> What you have to do
Keep the pictures out, please, and set down every record exactly.

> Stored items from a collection
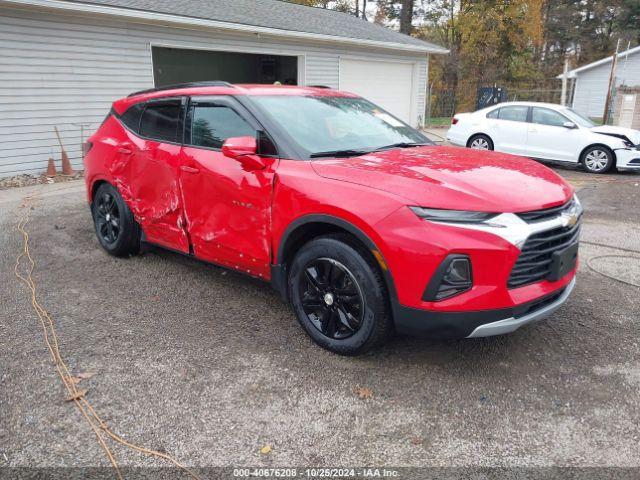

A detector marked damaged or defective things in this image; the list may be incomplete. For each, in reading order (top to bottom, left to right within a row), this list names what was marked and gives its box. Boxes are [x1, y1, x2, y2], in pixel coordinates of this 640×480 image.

dented driver side door [179, 96, 276, 280]
damaged red suv [84, 82, 580, 354]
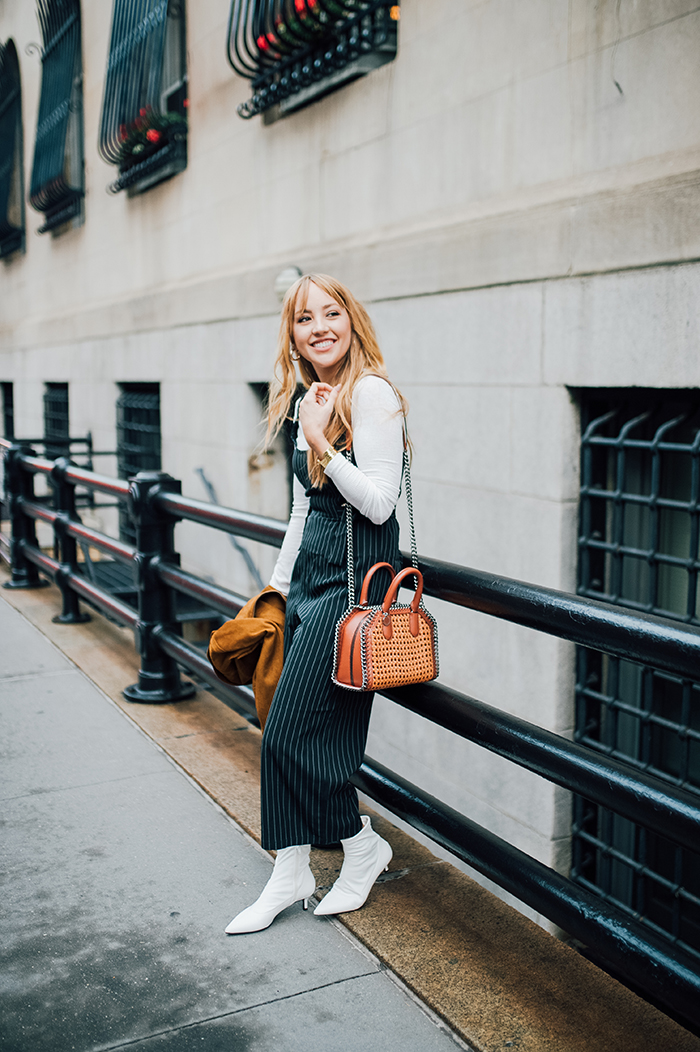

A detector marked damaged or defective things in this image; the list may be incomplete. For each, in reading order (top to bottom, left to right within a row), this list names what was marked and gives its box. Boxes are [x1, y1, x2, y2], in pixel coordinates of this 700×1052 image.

pavement crack [91, 967, 383, 1052]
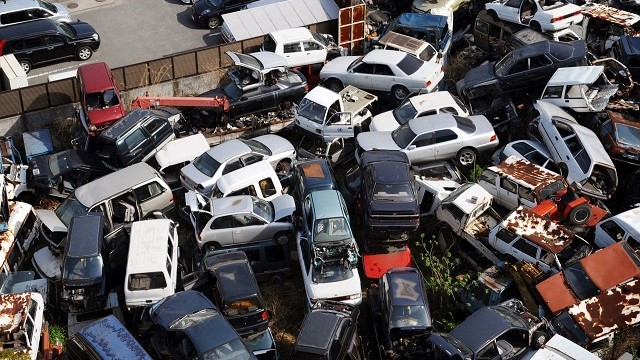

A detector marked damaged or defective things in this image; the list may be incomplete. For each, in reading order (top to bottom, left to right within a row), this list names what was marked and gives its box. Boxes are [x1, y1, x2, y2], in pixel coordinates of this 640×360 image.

rust patch [504, 207, 576, 255]
rust patch [0, 294, 30, 334]
rust patch [572, 278, 640, 340]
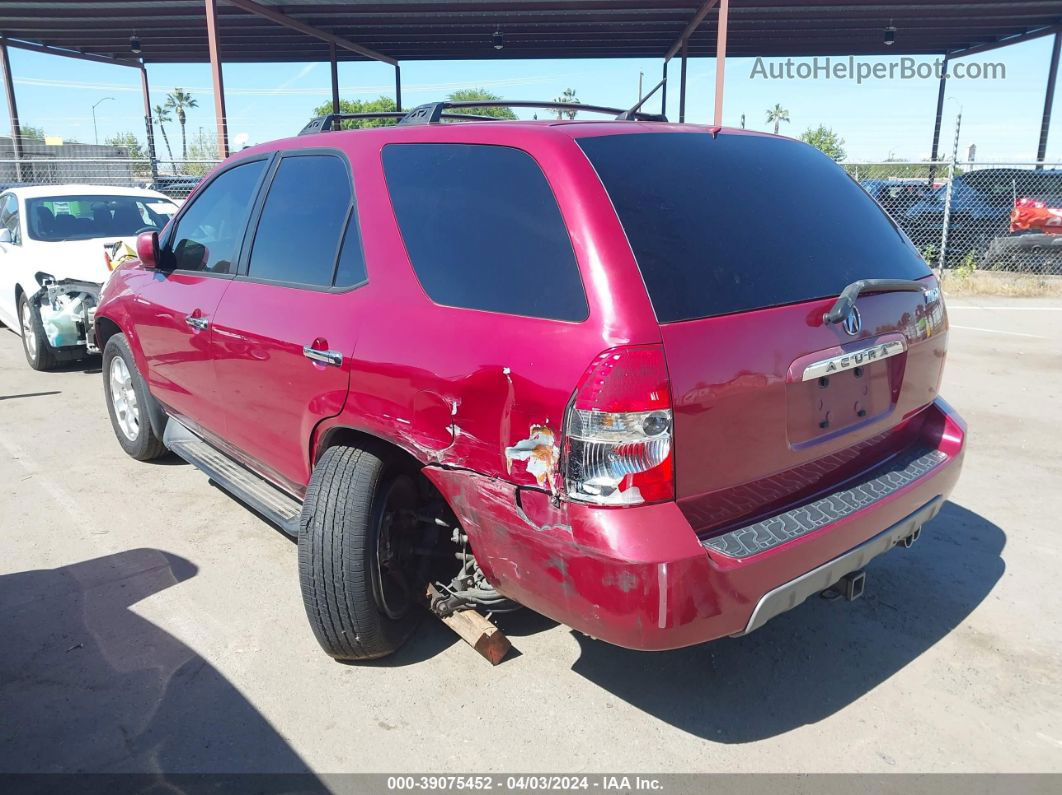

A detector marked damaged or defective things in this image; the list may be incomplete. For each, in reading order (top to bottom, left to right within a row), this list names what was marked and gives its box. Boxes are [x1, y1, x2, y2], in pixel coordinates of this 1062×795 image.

damaged white car [0, 185, 177, 372]
damaged red suv [95, 102, 968, 664]
broken tail light [564, 346, 672, 506]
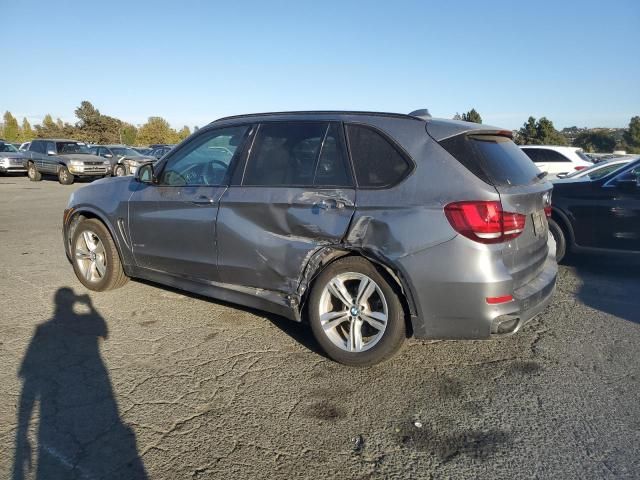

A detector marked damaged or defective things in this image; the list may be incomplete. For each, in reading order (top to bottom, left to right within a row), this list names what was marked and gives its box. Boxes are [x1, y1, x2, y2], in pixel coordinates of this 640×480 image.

> Problem solution
A detector marked damaged or defective things in this image; the list may be incomplete. For each, in reading order (top to bottom, left to right within a row), this list names what was marked and gives its box. Boxes are [x1, y1, x2, y2], in pixel coordinates of this 640×480 image.

dented driver side door [179, 96, 276, 280]
damaged red suv [84, 82, 580, 354]

A detector marked damaged or defective things in this image; the list may be incomplete. For each, in reading order (top to bottom, left to right within a row), this list names what was marked and gives its box. Boxes are [x1, y1, x2, y2], in pixel coordinates of this 700×1052 image.

pavement crack [91, 967, 383, 1052]

A detector marked damaged or defective things in this image; the list may be incomplete. For each, in reading order (top to bottom, left to right within a row), this list names what was marked and gives its box. Boxes are [x1, y1, x2, y2], in pixel coordinates of this 640×360 image.

rust patch [504, 207, 576, 255]
rust patch [0, 294, 30, 334]
rust patch [572, 278, 640, 340]

A detector marked damaged or defective things in this image; the list may be incomplete. For each, in reading order (top to bottom, left to right within a row), this list names what was marked and gives its box. Boxes are [x1, y1, x2, y2], in pixel coordinates of this 1062×795 image.

damaged white car [0, 185, 177, 372]
damaged red suv [95, 102, 968, 664]
broken tail light [564, 346, 672, 506]

A detector marked damaged or defective things in this image; the list may be incomplete. For each, in reading order (top to bottom, left to right within a row), this list names what was marked and gives its box. Boxes are [x1, y1, x2, y2], in pixel coordinates of this 640×480 image.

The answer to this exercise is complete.